I have a Mirror storage pool with 8x 10k SAS drives and 2x SSDs. I'm seeing solid 500/700MB/s for Write/Read speeds. I would like to fully saturate 10gb. If I added another 2 SSDs to the pool should I see my speeds go up to 1GB/1.4GB (minus overhead)? Or will it just expand the SSD tier to be larger? Or will my sequential read speeds always be off of the HDD tier even if I have 2TB of SSD tier capacity?

Also, is this operation supported without nuking the volume for do I need to transfer everything off to a temp drive before adding an additional 2x SSDs?

Thanks!
 

gregsachs

Active Member
Aug 14, 2018
559
192
43
Is the space set up with Tiering or just a mirror? I think if the space was not setup with a tier, it will be treating all of the drives as the same priority, and just striping the writes across 5 drives. Adding 2 ssds would let you expand, but not change speeds significantly. OTOH, if it was setup as a tiered space, then you can't change the size without nuking is my memory.
 
  • Like
Reactions: im.thatoneguy

gregsachs

Active Member
Aug 14, 2018
559
192
43
It's currently setup with tiering.
I think with tiering you are stuck, especially on 2012. Only choice would be to blow it away and recreate I believe. I don't think that the SSD tier column size can be changed from 1 to 2 on the fly, to allow striping of the data across drives while still respecting the mirror.
 
  • Like
Reactions: im.thatoneguy

im.thatoneguy

Member
Oct 28, 2020
31
8
8
Virtual Disks though are all that matter not Pools though right? I'm just wrapping my head around storage pools. And pools don't care about columns or specific data arrangements. That's at the disk level. So I have some unprovisioned data on my pool I could add the 2x SSDs. Create a new 2 column Virtual disk on the provisioned space on the drives as a life boat. Then nuke the big disk and return the data.

You do have to specify a pool is tiered. But once it's tiered the particulars are at the virtual disk level?
 

gregsachs

Active Member
Aug 14, 2018
559
192
43
Virtual Disks though are all that matter not Pools though right? I'm just wrapping my head around storage pools. And pools don't care about columns or specific data arrangements. That's at the disk level. So I have some unprovisioned data on my pool I could add the 2x SSDs. Create a new 2 column Virtual disk on the provisioned space on the drives as a life boat. Then nuke the big disk and return the data.

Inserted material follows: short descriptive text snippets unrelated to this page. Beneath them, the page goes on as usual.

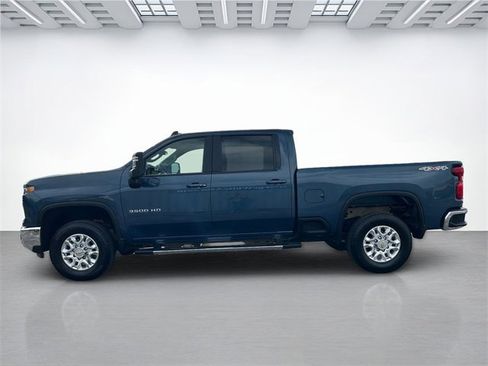Used 2025 Chevrolet Silverado 3500 LT image 7
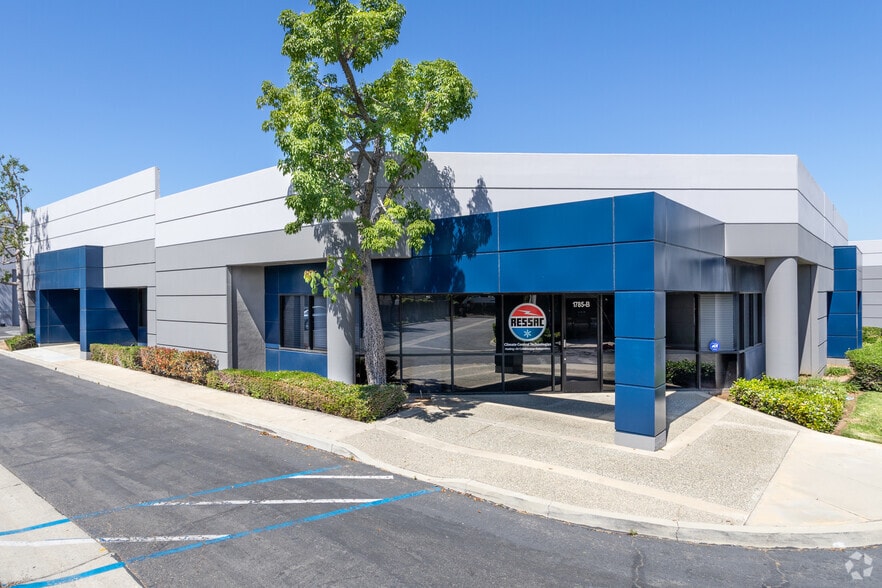 1785 Pomona Rd, Corona, CA à louer - Photo principale - Image 2 de 5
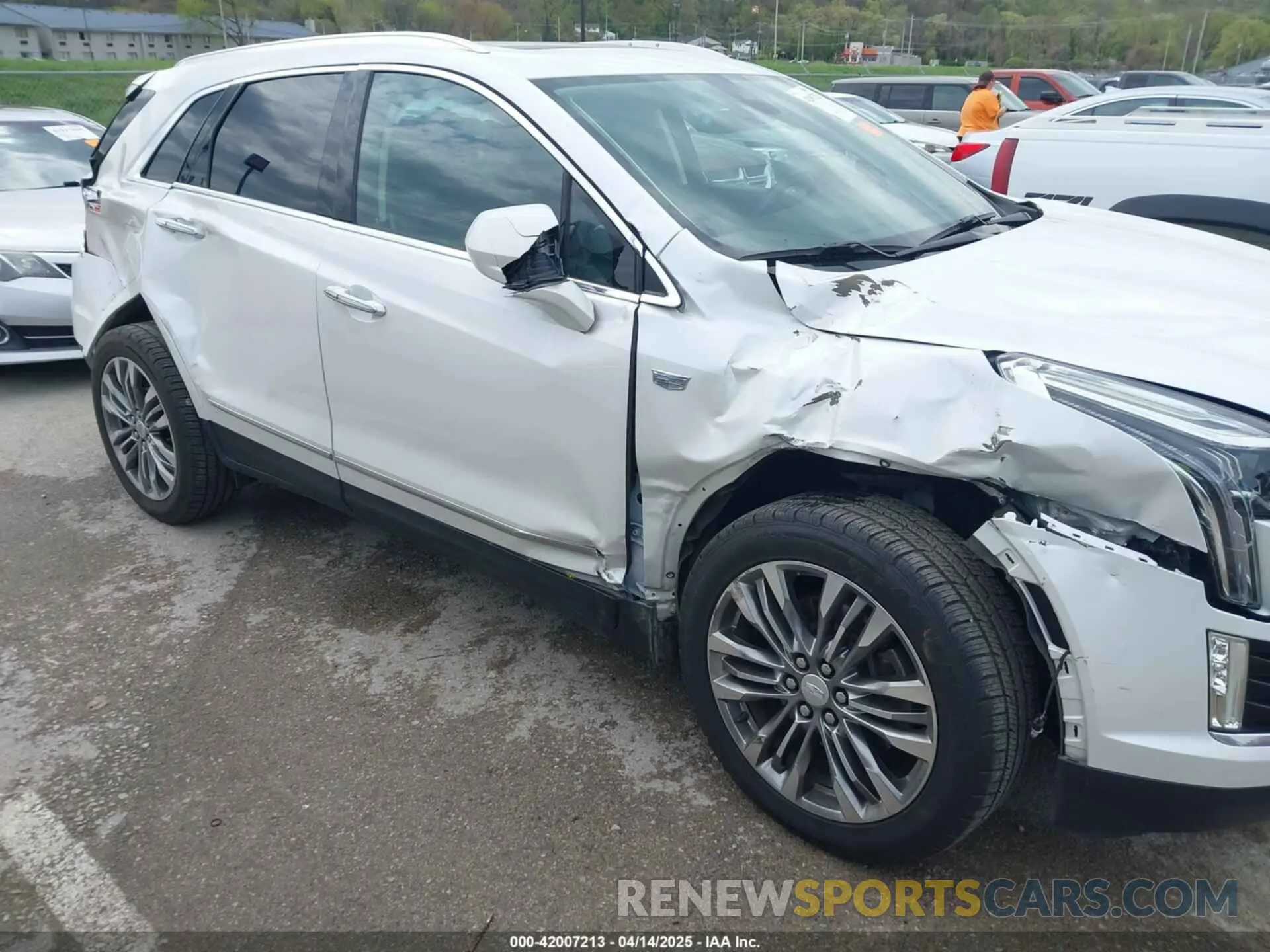 6 fotografías del automóvil dañado 1GYKNFRS8KZ109154 CADILLAC XT5 2019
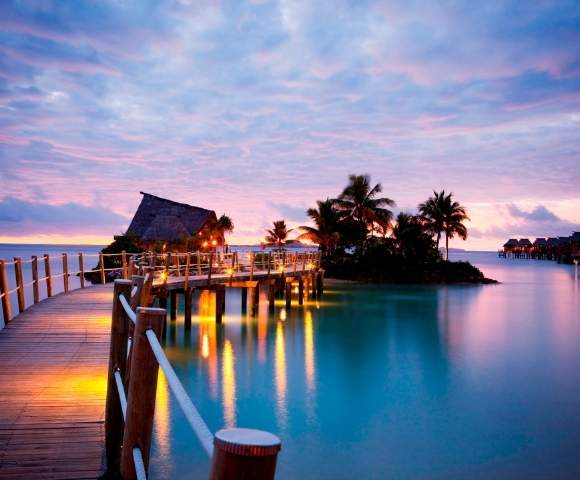 my-fiji-boardwalk-at-night-at-likuliku-lagoon-resort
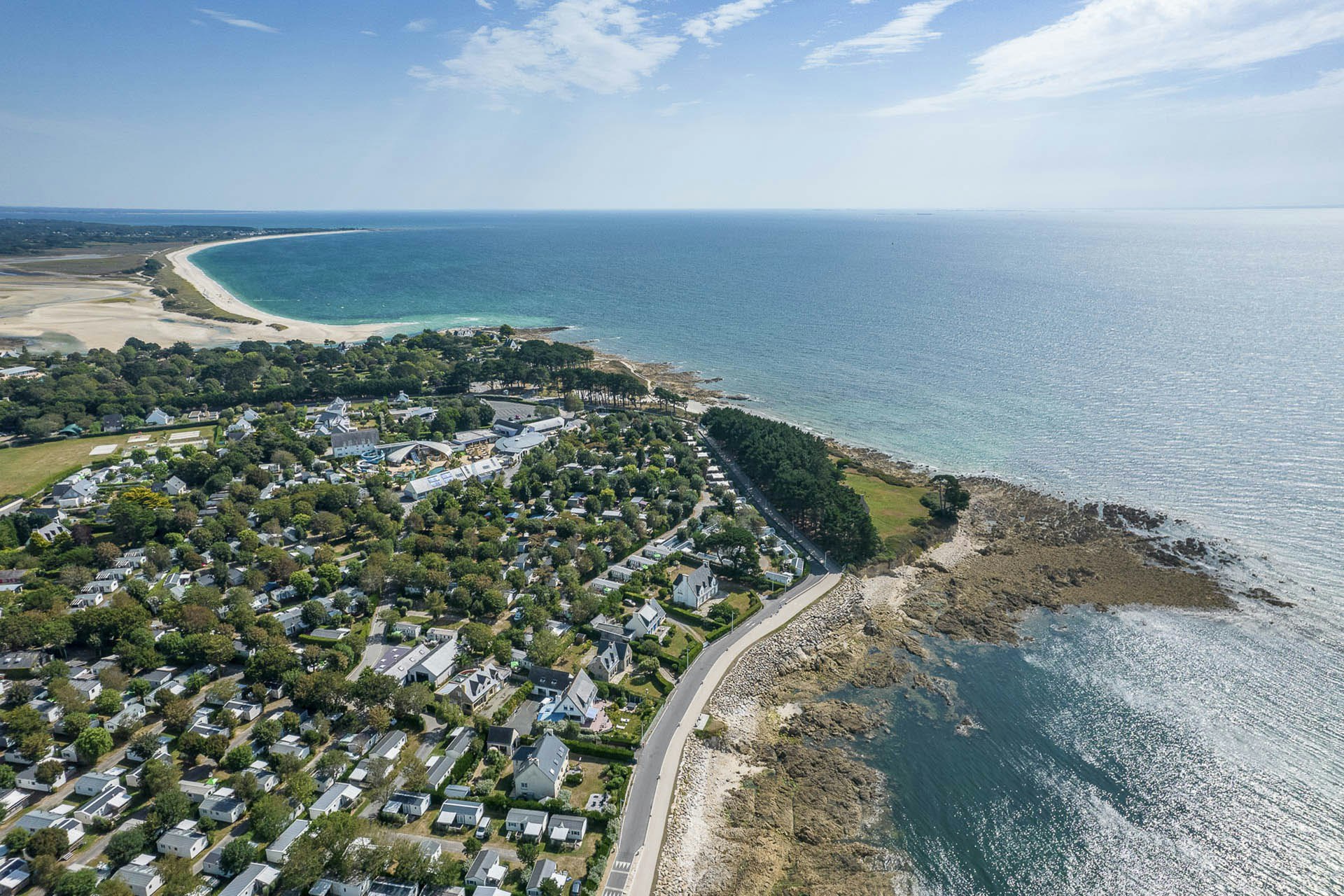 Camping Sandaya L'Escale Saint-Gilles  Camping L' Escale Saint-Gilles - Blick auf den Campingplatz aus der Vogelperspektive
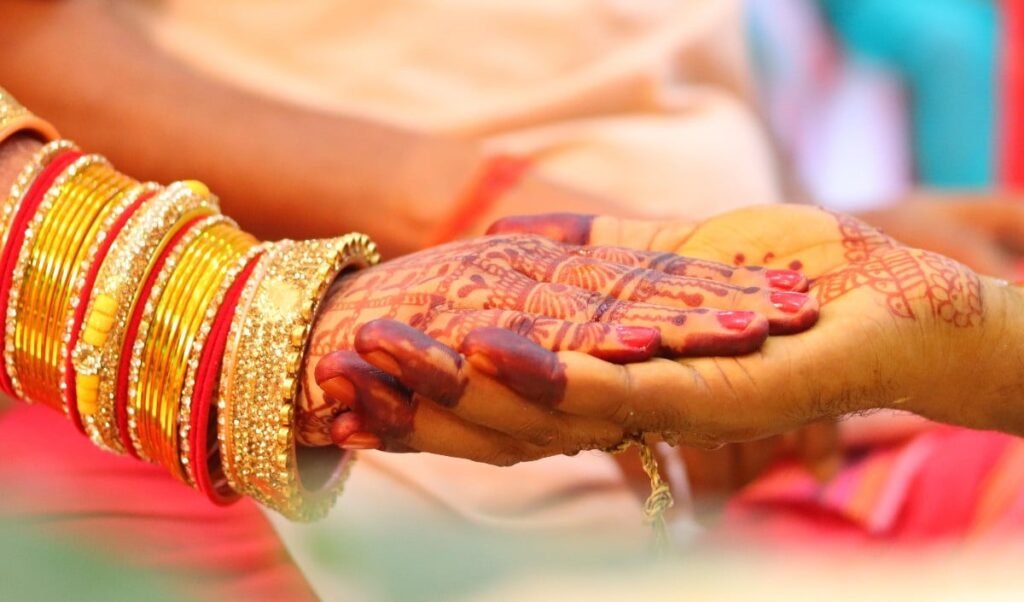 indian origin pilot killed in us chopper crash just hours after marriage bride miracle survivor indian origin pilot killed in us chopper crash just hours after marriage bride miracle survivor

You do have to specify a pool is tiered. But once it's tiered the particulars are at the virtual disk level?
Possibly? Windows has gotten really funny with things when adding disks to a storage pool, and my memory is that 2012R2 does not have a means of rebalancing the pool free space, which 2016 added. I think if you added 2 new SSD of identical size to existing disk, and expanded the SSD tier, I think the disk is still stuck at a column size of 1 on the ssd tier, and thus unlikely to gain speed. I believe you need to nuke and recreate with columnsize=2 to get a benefit of striping across pairs of SSDs.


I honestly don't remember, and I've done more with 2016 than 2012R2, so it is hard to tell. I ended up moving away from tiered as I got frustrated with it.

This link says you can add SSDs and expand the tier size, but the speed limit should be related to column number, which I believe is locked at creation.
 

cesmith9999

Well-Known Member
Mar 26, 2013
1,417
468
83
what matters is the column count in the vdisk. and in 2012 R2 to add to a vdisk you had to duplicate all of the disks in the pool on ALL tiers.

You cannot just add 2 SSD's and expect faster throughput. if you add them to the pool. and your vdisk is fixed(not thin). the SSD's will go unused.as the vdisk has all of the sectors allocated on the existing SSD's.